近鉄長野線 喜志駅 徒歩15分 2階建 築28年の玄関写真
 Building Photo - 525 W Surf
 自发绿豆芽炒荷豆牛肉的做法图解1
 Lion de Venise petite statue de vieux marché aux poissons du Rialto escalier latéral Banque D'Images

* _TASK DESCRIPTION_: Transcribe all of the data, keeping every line identical.

* _TASK ANSWER_:
近鉄長野線 喜志駅 徒歩15分 2階建 築28年の玄関写真
 Building Photo - 525 W Surf
 自发绿豆芽炒荷豆牛肉的做法图解1
 Lion de Venise petite statue de vieux marché aux poissons du Rialto escalier latéral Banque D'Images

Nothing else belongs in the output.